What needs to be done —
Among the records below, find the line that has "Tapis Ethnique Chic"; from there, give the lines again exactly, and stop after the line that has "Vintage Retro Anchor".

Entries shown —
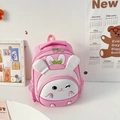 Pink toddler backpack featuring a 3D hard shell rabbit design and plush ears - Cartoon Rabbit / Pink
---
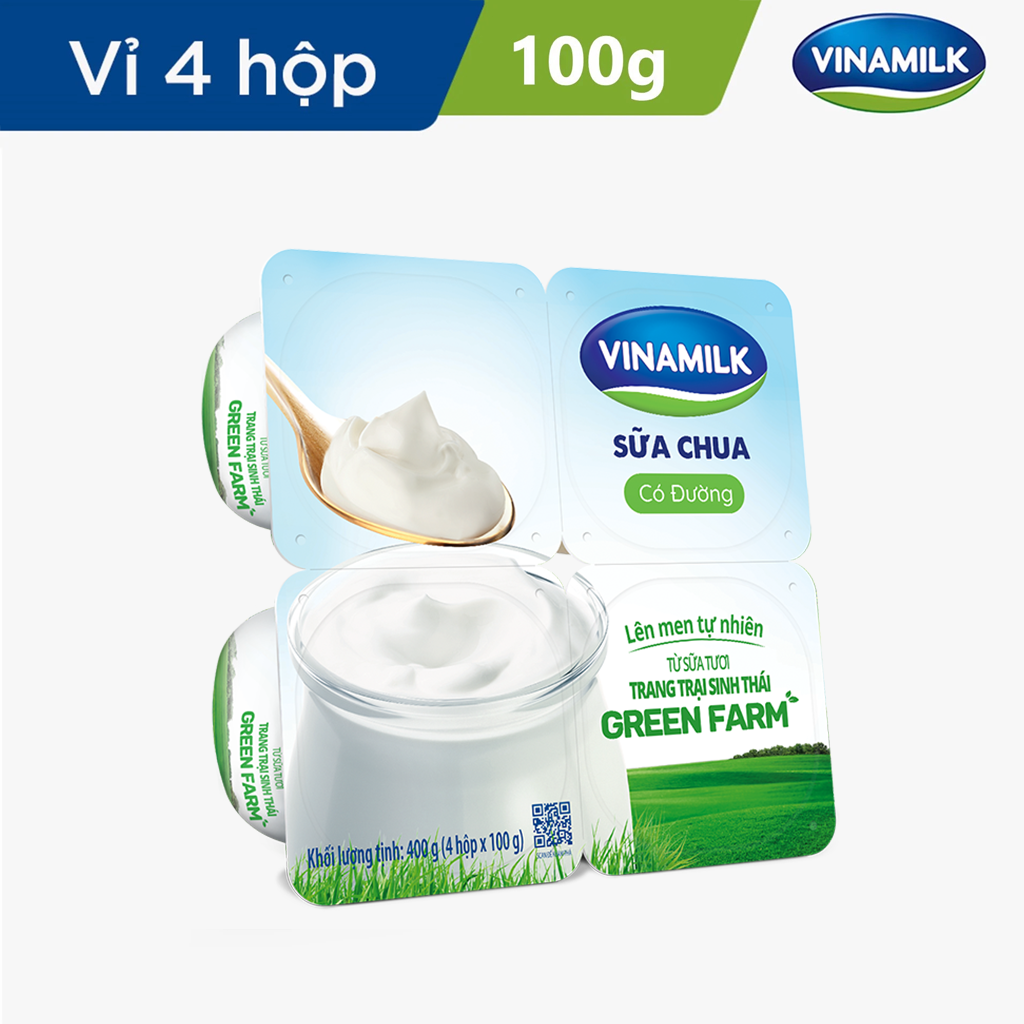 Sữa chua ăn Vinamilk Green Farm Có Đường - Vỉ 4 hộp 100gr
...
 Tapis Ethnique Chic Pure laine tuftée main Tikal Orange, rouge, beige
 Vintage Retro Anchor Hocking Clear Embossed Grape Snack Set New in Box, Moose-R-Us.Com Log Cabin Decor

Answer to the problem —
 Tapis Ethnique Chic Pure laine tuftée main Tikal Orange, rouge, beige
 Vintage Retro Anchor Hocking Clear Embossed Grape Snack Set New in Box, Moose-R-Us.Com Log Cabin Decor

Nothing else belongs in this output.